BrowserFS: An in-browser filesystem supports various back ends - ngaut
https://github.com/jvilk/BrowserFS
======
Etheryte
In general, projects like these are great — they unify a lot of underlying
architecture and, with time, can make them ubiquitous to use. LocalForage[1]
is a great example of this, and I would recommend using that over regular
local storage for every serious web project.

This project raises my eyebrows at two technical points, though:

There is no mention of "Promise" or "async/await" in the readme. I know the
project tries to mirror the current Node filesystem, but that also offers
Promises[2] — something I would call the industry standard for writing
readable async code these days.
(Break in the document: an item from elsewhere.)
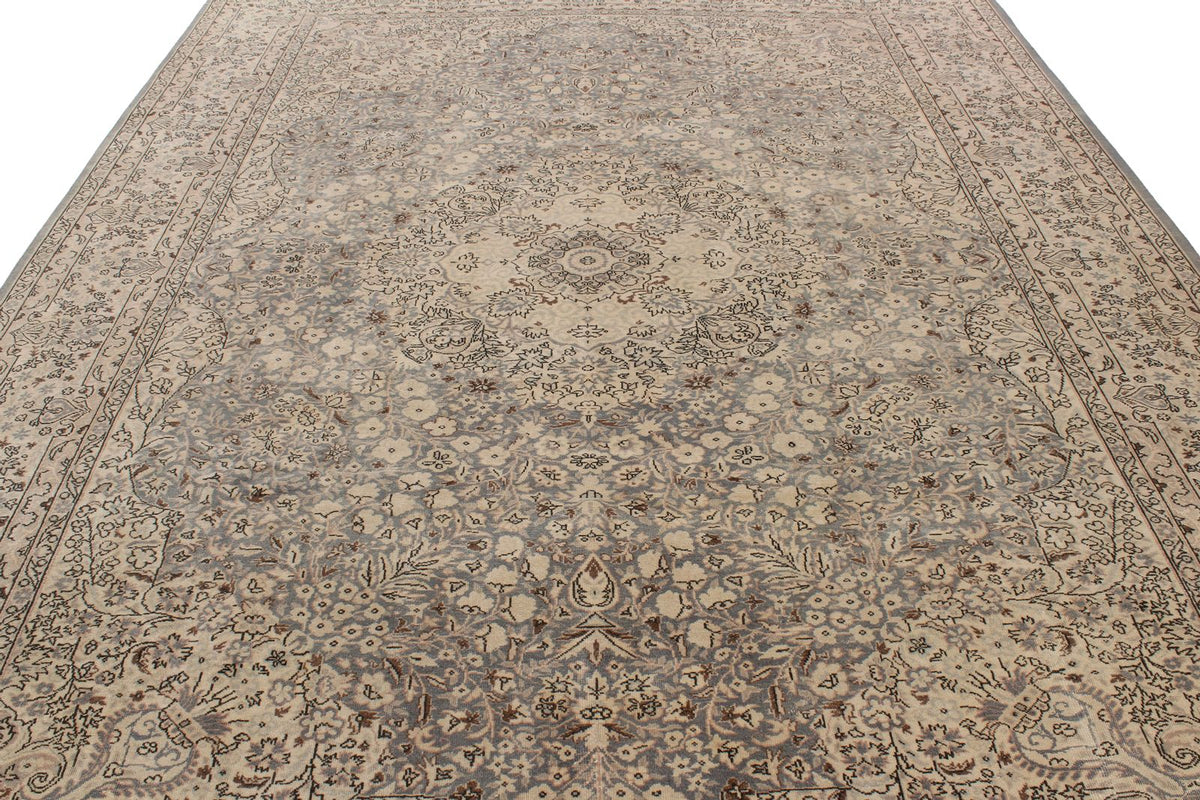 9x12 Brown and Beige Traditional Rug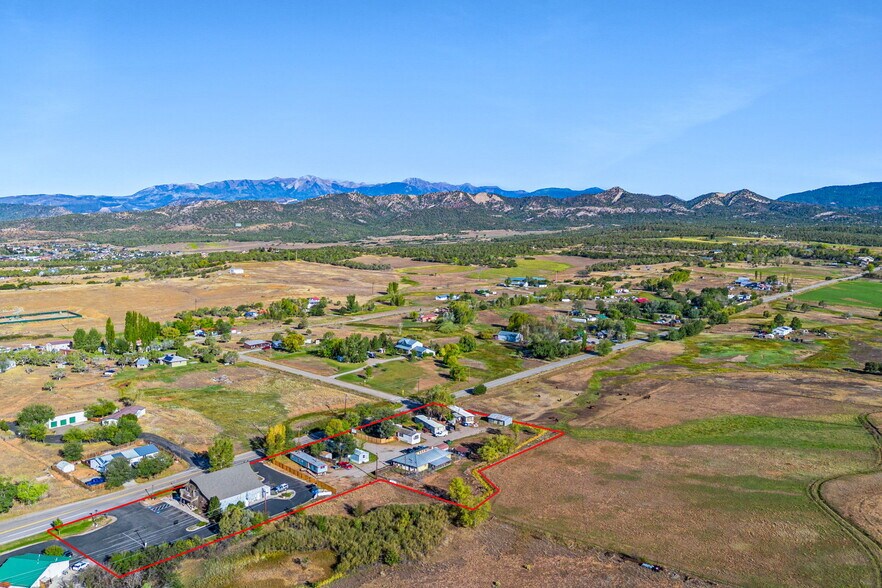 More Photos Of 60 County Road 234, Durango Flex For Sale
Despite being in beta, I would argue that this
project should also aim to support Promises over nested callback pyramids as
the default pattern.

Secondly, maybe I'm just not familiar with the idea, but I'm very sceptical of
the AsyncMirror backend — when you use an asynchronous service synchronously,
how do you guarantee all writes are flushed before the user leaves the page?

Other than that, a project of this scale is no small feat, so godspeed to all
contributors.

[1]
[https://github.com/localForage/localForage](https://github.com/localForage/localForage)

[2]
[https://nodejs.org/dist/latest-v10.x/docs/api/fs.html#fs_fs_...](https://nodejs.org/dist/latest-v10.x/docs/api/fs.html#fs_fs_promises_api)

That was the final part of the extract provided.